We’d planned this as a family trip first and a photography trip second, but the lines blur pretty quickly with me these days. Bow was in full assistant mode again, usually holding something she shouldn’t, and Emma had already claimed her corner by the fire for any indoor moments. It worked out. I got to wander, shoot, and still feel part of everything rather than drifting off on my own missions like I sometimes do. It’s the kind of balance I’m still learning to get right.

A week in cameras
The gear list was predictably varied. The drone came out early in the week near the waterfalls along the Watkin Path. I’d been there before but never with the drone, and seeing the water carving through the rocks from above gave the whole place a new sense of scale. The light was soft and the mist sat low enough to add depth without killing contrast. I tried a few passes at different heights, getting braver with each battery. That little thing still surprises me with how much detail it can pick up when conditions behave.
The Sony A7III did most of the heavy lifting as usual. I never really set out with a plan this time, which was half the fun. Some days it was wide-angle landscapes, other times it was quiet street corners or reflections in shop windows. A lot of it was just responding to whatever was in front of me rather than chasing something specific. It felt like a reminder that good photos sometimes happen when you stop trying too hard to make them happen.

The Fujifilm X-E5 almost didn’t make it home. Somewhere on the lower part of Snowdon, the belt mount that holds my camera unscrewed itself and sent it clattering down a few metres of rock. That sharp intake of breath was instant. I picked it up expecting the usual cracked screen or jammed lens, but somehow it survived. A small scuff, a tiny dent, but still working perfectly. It’s not the first time I’ve learned that Fuji build their bodies tougher than they look.

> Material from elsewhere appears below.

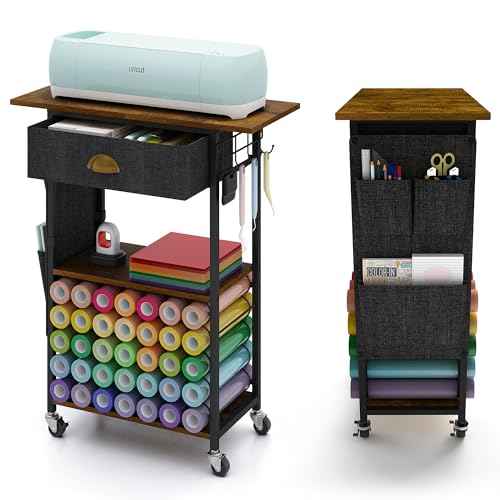 Craft Organizers and Storage Cart: Craft Room Cart for Organizing Cutting Accessories and Machine, Vinyl Roll Storage and Organization Holder, Heat Press Stand Table with Wheels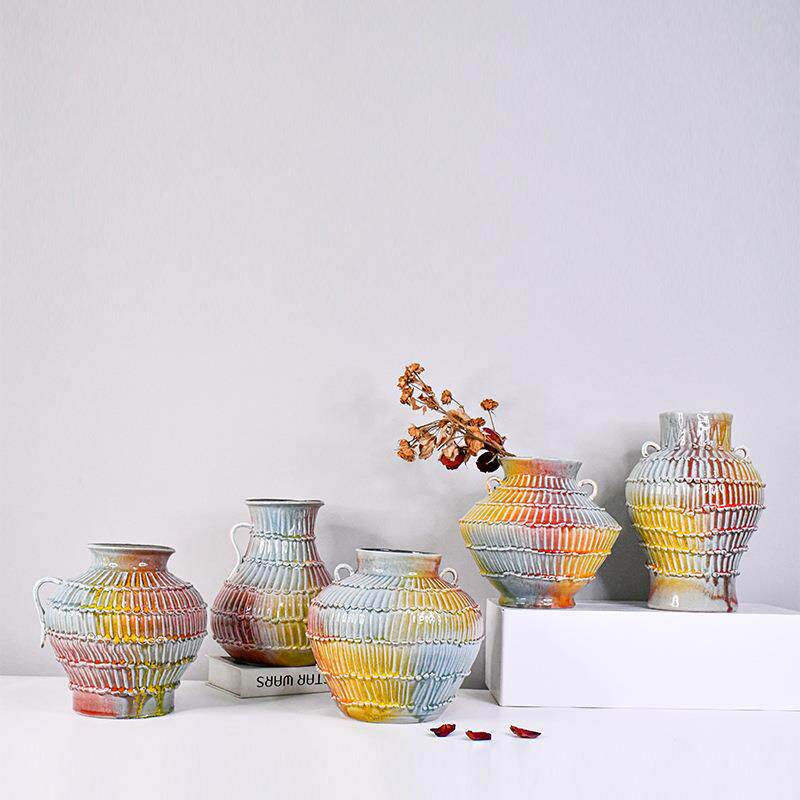 新式复古手工艺术陶瓷花瓶高级氛围插花水培客厅玄关桌面花器知薇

Then there was the Voigtländer Brilliant, my old faithful for when I want to slow everything down. I put a roll of 120 through it one evening at a pub in the next village. The fire was lit, Emma was curled up with a glass of wine, and Bow decided she was my assistant again. I let her press the shutter on a few frames while I tried to judge exposure in the dim light. I’ve no idea if any of them will come out, but it didn’t really matter. There was something nice about shooting film in a setting that warm and simple. No screens, no previews, just the click and the smell of wood smoke.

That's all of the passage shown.